Incyte Corporation
- Type: Public
- Traded as: Nasdaq: INCY; S&P 500 component;
- Industry: pharmaceuticals
- Founded: 2002; 24 years ago
- Founder: Roy A. Whitfield
- Headquarters: Wilmington, Delaware, U.S.
- Key people: Bill Meury (CEO & president)
- Revenue: US$4.24 billion (2024)
- Operating income: US$61.4 million (2024)
- Net income: US$32.6 million (2024)
- Total assets: US$5.44 billion (2024)
- Total equity: US$3.45 billion (2024)
- Number of employees: 2,617 (2024)
- Website: incyte.com

= Incyte =

American pharmaceutical company

Incyte Corporation is an American multinational pharmaceutical company with headquarters in Wilmington, Delaware. The company currently operates manufacturing and R&D locations in North America, Europe, and Asia.

Incyte Corporation currently develops and manufactures prescription biopharmaceutical medications in multiple therapeutic areas including oncology, inflammation, and autoimmunity.

==History==
Incyte Corporation was founded by Roy A. Whitfield on April 8, 1991, in Palo Alto, California, as a genomics company. It became a public company in 1993. Subsequently, scientists and chemists were recruited from DuPont to work for Incyte. Incyte moved its headquarters to Delaware, and acquired Maxia Pharmaceuticals in 2003.

In November 2013, Incyte announced its relocation to new headquarters in Wilmington, Delaware, completing the move by the end of 2014. Hervé Hoppenot became CEO in January 2014.

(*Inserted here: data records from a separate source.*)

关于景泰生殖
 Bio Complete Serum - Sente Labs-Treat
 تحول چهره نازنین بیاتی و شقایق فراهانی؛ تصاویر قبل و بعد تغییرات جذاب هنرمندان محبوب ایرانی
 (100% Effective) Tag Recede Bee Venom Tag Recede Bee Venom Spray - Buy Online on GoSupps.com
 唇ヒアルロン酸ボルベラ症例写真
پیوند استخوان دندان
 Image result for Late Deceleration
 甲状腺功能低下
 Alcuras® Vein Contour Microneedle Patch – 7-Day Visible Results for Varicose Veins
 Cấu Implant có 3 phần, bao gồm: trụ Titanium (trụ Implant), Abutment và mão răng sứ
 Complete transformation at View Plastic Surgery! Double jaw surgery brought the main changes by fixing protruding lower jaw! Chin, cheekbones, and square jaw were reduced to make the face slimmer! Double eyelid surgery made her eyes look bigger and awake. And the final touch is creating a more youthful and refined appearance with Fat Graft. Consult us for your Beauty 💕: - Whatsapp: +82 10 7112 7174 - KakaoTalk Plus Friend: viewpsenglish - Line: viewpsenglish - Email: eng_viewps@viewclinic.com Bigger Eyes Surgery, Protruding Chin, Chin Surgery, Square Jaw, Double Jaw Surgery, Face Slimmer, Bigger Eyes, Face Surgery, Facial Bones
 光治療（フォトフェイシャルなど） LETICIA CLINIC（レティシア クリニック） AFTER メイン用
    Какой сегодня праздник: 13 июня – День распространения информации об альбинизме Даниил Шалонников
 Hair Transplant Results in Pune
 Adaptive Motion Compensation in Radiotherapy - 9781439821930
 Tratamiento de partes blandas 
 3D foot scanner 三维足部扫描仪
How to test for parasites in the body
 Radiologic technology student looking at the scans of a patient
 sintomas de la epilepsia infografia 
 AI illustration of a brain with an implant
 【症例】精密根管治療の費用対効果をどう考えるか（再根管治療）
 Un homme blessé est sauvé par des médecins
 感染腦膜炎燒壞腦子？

In 2017, the company became part of the S&P 500 Index, which tracks the 500 most widely held U.S. stocks.

In 2015, Incyte established its European headquarters in Geneva, Switzerland, and later moved this headquarters in 2021. The company expanded its Delaware headquarters, including the addition of a research and development facility, in 2022. Incyte acquired Villaris Therapeutics in 2022, and Escient Pharmaceuticals in 2024.

For 2025, the company reported $5.141 billion in revenue, $6.957 billion in assets and $1.286 billion in net income. Incyte is publicly traded on the NASDAQ under the symbol INCY. Incyte now operates out of North America, Asia, and Europe. Bill Meury became CEO in 2025. Meury replaced Hoppenot, who retired after 11 years in the position.

==Pharmaceuticals==
Incyte Corporation currently has seven marketed and co-marketed pharmaceutical products, including Jakafi (ruxolitinib), Pemazyre (pemigatinib), Monjuvi (tafasitamab-cxix), Opzelura (Ruxolitinib), Tabrecta (capmatinib), Olumiant (Baricitinib), and Iclusig (ponatinib).

In 2013, Novartis acquired Incyte's c-Met inhibitor capmatinib (INC280, INCB028060), which is marketed under the brand name Tabrecta.

As of 2014, the company was developing baricitinib, an oral JAK1 and JAK2 inhibitor drug for rheumatoid arthritis in partnership with Eli Lilly. It gained EU approval in February 2017. In April 2017, the US FDA issued a rejection, citing concerns about dosing and safety. In May 2018, baricitinib was approved in the United States for the treatment of rheumatoid arthritis under the brand name Olumiant.

As of 2016 epacadostat, an indoleamine 2,3-dioxygenase (IDO1) inhibitor, was in development for various cancers and was in combination trials with Merck's pembrolizumab (Keytruda) and Bristol Myers Squibb's nivolumab (Opdivo).

== Acquisition history ==
Incyte has made a total of 3 acquisitions.

- Maxia Pharmaceuticals (2003): An early acquisition in Incyte's history, the company purchased Maxia in 2003 for $42 million.
- Villaris Therapeutics (2022): This acquisition was valued at approximately $1.4 billion and included an upfront payment along with milestones. It added new assets to Incyte's portfolio for treating vitiligo and other autoimmune conditions.
- Escient Pharmaceuticals (2024): In May 2024, Incyte acquired this San Diego-based, clinical-stage company for $750 million. The acquisition provided Incyte with two oral drug candidates for inflammatory diseases, EP262 and EP547.